The chief victims of the January 23 federal election were:
- Western Liberals: In the prairie provinces , Conservatives got three times as many votes as Liberals did, but won nearly ten times as many seats. In Alberta , the Conservative Party won 100% of the seats with 65% of the votes. The 500,000 Albertans who voted otherwise elected no one.
- Urban Conservatives: The 400,000-plus Conservative voters in Toronto , Montreal , and Vancouver should have been able to elect about nine MPs, but instead elected no one. The three cities together will not have a single MP in the governing caucus, let alone the cabinet.
- New Democrats: The NDP attracted a million more votes than the Bloc, but the voting system gave the Bloc 51 seats, the NDP 29. Nearly 18% of Canadians voted NDP, but the party won less than 10% of the seats and does not hold the balance of power, unlike the Liberals and the Bloc.
- Green Party: More than 650,000 Green Party voters across the country elected no one, while 475,000 Liberal voters in Atlantic Canada elected 20 MPs.
- Federalists and nationalists: As usual, the voting system turned entire regions of Canada into partisan fiefdoms, rather than allowing the diversity of views in all regions to be fairly represented in Parliament and within each national party.
“How can anyone continue to think that this voting system gives us good geographic representation,” said Wayne Smith, President of Fair Vote Canada , “when it fragments and divides our country like this?”

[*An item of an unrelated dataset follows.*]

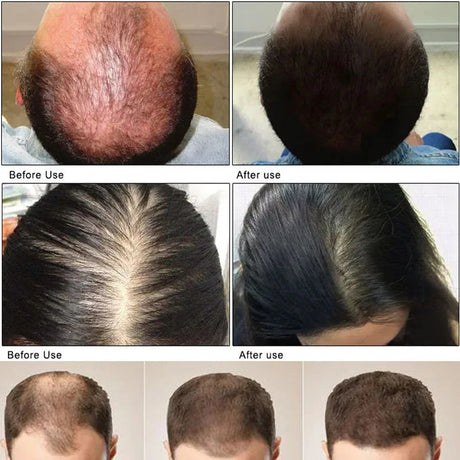 Hair Growth Serum 7 Days Fast Regrowth Essential Capsule Anti Hair Loss Baldness Repair Damaged Scalp Treatment For Women Men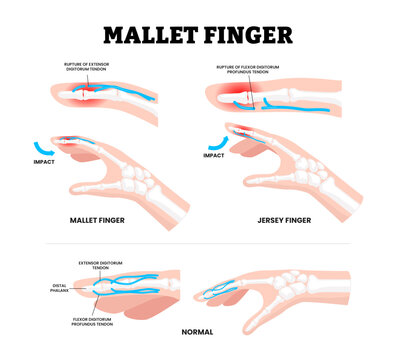 Mallet and Jersey finger tendon injury at the fingertip DIP joint. Labeled ruptured of or flexor extensor digitorum tendon. Inability to straighten and bend the tip. Healthcare medical illustration.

“Had results been fair, it is possible that we may have even seen a different government,” said Smith. “The Liberals, NDP, and Greens represent a majority, and together they would have held a majority of seats.”
Had the same votes been cast under a proportional voting system, Fair Vote Canada projected that the seats allocation would have been approximately as follows:
Conservatives - 36.3% of the popular vote: 113 seats (not 124)
Liberals - 30.1% of the popular vote: 93 seats (not 103)
NDP - 17.5% of the popular vote: 59 seats (not 29)
Bloc - 10.5% of the popular vote: 31 seats (not 51)
Greens - 4.5% of the popular vote: 12 seats (not 0)
However, Smith emphasized that speculation should be tempered.
“With a different voting system, people would have voted differently,” he said. “There would have been no need for strategic voting. We would likely have seen higher voter turnout. We would have had different candidates - more women, and more diversity of all kinds. We would have had more real choices.”
“The voting system really matters – a lot – and the system we have is simply not acceptable in a modern democracy.”